Cumartesi evde çektiğim son kareleri sunuyorum arkadaşlar.
Daha çok birşey yok ama en azından fikir verir.
-Taş döşenen duvara sağ tarafa bir açık raf (soldaki kapaklı dolap gibi : beyaz akrilik lake) tv konsolu (teak) ve tabii ki tv ve Berk’in bir sürü elektronik zımbırtısı gelecek :) ) Bir de cam tarafına (sağ tarafa) doğru bir kaç ağaç gibi yeşil bitki.
- Turuncuya boyanan duvar içi “neden yere kadar inmedi” diyebilirsiniz. Hemen açıklayayım : Bu açıklık mutfak ve salonun arasında. Biz burayı bir masa ile bölüyoruz. (Mutfakta masada oturunca karşı duvardaki tv yi görebileceğiz.) Masa da turuncu boyanın bittiği yere kadar geleceği için altını boyatmadık. Komşuların evlerini gezmişler de bizimle aynı olan tip plana sahip olanlar mutfak ve salon arasını kapatmışlar. Ben kapatmak istemedim zaten mutfak çok dar . (tezgahtan sonra 130 cm kalıyor.)
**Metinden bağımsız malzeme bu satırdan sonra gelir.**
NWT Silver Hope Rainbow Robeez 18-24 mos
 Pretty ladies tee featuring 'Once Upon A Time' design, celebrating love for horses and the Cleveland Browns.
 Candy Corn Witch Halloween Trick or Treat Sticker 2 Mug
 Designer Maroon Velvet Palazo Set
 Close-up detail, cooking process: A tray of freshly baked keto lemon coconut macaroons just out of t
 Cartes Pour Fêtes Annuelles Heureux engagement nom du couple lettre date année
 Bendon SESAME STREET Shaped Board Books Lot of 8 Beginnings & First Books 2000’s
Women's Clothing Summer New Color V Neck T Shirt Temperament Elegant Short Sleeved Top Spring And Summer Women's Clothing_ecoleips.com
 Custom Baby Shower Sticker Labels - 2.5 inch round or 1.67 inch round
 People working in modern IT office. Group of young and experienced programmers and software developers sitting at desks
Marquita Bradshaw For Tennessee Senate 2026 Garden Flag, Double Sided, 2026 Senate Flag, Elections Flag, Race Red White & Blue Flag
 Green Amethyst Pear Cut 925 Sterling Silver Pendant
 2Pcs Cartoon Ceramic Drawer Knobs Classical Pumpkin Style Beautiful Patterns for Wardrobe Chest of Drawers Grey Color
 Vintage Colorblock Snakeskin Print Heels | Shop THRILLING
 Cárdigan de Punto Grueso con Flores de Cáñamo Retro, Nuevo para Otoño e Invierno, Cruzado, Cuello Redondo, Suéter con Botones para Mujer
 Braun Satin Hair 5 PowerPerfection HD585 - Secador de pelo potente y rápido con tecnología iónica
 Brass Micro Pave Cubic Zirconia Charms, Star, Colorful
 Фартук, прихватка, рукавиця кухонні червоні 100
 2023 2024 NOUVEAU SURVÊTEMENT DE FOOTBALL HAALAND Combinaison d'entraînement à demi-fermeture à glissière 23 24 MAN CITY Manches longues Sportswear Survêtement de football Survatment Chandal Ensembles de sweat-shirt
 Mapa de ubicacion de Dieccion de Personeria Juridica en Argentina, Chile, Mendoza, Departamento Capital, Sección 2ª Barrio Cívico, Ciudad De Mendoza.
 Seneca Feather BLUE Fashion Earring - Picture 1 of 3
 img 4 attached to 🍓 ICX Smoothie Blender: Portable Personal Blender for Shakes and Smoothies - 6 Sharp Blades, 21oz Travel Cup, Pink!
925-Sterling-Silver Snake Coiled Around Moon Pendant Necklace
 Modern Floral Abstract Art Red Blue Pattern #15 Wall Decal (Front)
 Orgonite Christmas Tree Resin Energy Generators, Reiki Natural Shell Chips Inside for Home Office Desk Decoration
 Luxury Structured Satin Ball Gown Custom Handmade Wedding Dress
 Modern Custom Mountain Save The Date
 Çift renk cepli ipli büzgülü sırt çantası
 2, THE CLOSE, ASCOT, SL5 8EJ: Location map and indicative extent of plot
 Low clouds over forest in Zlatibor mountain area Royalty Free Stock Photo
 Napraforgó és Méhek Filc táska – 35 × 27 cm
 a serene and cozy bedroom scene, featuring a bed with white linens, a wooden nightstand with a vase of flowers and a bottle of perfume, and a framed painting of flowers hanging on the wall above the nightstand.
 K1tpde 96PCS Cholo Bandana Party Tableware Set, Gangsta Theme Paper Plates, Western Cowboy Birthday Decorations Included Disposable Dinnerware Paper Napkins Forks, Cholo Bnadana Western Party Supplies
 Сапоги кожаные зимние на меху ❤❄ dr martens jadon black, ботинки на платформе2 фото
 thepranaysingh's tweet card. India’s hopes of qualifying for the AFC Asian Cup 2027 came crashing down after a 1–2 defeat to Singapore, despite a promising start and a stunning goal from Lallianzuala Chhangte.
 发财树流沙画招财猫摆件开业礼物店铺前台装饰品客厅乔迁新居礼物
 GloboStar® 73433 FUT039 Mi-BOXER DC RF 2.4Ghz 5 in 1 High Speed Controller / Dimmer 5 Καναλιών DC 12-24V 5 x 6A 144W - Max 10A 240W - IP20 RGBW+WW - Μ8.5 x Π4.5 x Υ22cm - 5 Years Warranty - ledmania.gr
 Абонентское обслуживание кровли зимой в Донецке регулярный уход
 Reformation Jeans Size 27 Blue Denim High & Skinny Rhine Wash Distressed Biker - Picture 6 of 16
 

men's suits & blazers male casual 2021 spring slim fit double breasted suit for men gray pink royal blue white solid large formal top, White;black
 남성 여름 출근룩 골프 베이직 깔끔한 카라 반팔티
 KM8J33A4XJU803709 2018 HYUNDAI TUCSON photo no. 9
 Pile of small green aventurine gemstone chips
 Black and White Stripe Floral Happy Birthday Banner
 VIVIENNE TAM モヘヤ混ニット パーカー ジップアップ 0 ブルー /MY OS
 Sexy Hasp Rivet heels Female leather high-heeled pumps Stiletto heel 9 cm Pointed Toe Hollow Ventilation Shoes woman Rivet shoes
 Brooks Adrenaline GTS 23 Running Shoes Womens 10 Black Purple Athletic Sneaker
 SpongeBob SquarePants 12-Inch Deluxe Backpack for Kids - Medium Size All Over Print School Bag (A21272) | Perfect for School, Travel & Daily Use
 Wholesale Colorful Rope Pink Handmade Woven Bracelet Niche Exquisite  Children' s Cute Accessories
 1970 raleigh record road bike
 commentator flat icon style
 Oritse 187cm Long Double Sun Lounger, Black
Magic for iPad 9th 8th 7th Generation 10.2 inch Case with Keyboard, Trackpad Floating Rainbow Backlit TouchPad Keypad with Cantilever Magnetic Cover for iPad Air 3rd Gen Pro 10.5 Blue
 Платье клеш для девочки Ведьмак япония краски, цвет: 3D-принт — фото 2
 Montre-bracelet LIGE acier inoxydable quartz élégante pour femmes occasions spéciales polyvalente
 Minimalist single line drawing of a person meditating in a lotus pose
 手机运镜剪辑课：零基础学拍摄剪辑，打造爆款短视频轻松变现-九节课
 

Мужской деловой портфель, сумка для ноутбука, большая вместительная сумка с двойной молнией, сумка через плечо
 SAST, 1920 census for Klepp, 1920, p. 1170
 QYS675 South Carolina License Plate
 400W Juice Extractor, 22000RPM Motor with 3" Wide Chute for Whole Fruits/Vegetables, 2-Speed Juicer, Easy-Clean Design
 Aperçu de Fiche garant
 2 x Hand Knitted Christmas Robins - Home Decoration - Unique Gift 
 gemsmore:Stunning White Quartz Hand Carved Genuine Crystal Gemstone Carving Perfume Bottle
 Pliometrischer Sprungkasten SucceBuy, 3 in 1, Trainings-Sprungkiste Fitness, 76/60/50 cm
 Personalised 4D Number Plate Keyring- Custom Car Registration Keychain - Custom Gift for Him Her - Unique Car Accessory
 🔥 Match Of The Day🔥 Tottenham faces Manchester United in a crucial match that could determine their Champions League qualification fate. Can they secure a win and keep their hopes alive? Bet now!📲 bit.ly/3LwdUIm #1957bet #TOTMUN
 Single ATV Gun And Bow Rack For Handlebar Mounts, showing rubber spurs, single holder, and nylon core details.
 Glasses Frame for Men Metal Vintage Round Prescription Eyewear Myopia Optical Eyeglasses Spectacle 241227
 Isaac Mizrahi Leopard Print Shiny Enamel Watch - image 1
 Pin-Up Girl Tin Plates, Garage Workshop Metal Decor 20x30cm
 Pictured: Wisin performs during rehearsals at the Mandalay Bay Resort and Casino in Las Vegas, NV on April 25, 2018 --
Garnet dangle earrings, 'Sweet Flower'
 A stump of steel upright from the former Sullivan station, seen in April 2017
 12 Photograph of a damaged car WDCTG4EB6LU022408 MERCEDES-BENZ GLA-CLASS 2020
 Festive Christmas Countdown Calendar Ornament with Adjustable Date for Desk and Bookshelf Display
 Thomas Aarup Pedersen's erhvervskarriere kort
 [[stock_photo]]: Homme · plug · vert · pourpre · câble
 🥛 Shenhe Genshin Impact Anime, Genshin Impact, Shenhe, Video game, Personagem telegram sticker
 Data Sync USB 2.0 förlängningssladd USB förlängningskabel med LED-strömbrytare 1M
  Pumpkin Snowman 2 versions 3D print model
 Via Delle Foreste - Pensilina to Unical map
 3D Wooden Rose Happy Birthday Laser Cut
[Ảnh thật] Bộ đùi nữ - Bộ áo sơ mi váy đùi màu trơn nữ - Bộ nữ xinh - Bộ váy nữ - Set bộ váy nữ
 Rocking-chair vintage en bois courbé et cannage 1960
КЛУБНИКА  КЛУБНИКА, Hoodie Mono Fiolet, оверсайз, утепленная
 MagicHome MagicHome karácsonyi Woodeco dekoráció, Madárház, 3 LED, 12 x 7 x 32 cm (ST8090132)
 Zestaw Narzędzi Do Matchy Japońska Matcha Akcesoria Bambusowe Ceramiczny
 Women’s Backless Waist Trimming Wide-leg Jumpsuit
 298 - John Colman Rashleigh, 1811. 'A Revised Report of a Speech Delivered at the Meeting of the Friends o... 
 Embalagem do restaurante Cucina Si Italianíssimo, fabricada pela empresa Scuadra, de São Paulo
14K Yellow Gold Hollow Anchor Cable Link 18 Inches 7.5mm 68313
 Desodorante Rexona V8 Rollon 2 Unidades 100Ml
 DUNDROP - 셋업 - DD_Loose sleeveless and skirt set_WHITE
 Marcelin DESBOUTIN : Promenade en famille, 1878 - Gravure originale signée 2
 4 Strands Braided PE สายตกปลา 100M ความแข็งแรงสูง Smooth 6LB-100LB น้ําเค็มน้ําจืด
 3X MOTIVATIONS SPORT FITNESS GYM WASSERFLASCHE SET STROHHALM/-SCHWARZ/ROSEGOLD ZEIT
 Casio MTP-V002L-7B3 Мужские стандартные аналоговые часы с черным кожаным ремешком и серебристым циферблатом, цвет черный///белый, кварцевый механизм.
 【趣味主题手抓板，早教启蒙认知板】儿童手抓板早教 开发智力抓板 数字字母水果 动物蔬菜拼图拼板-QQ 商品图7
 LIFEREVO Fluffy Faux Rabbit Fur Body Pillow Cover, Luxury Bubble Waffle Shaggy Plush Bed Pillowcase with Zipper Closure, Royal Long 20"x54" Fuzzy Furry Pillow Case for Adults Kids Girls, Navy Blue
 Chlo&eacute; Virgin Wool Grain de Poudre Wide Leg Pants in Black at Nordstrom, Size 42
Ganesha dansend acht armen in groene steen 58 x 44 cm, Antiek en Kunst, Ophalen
Bu biraz da alışkanlık meselesi tabii ki. Ailemle yaşadığım bütün evlerde bizim mutfak açıktı ve yaşama mekanıydı. Yok “koku gider, siner” gibi bir endişemiz olmadı hiç. Benim de yok aslında. Ama mutfağım büyük olsaydı (içinde oturulabilecek kadar) o zaman kapalı olması çok da sorun olmazdı. Dediğim gibi mutfak dar ve uzun olduğundan yarı-açık kullanmak istedik.
İşler bittikçe önce-sonra fotoğraflarını da paylaşacağım.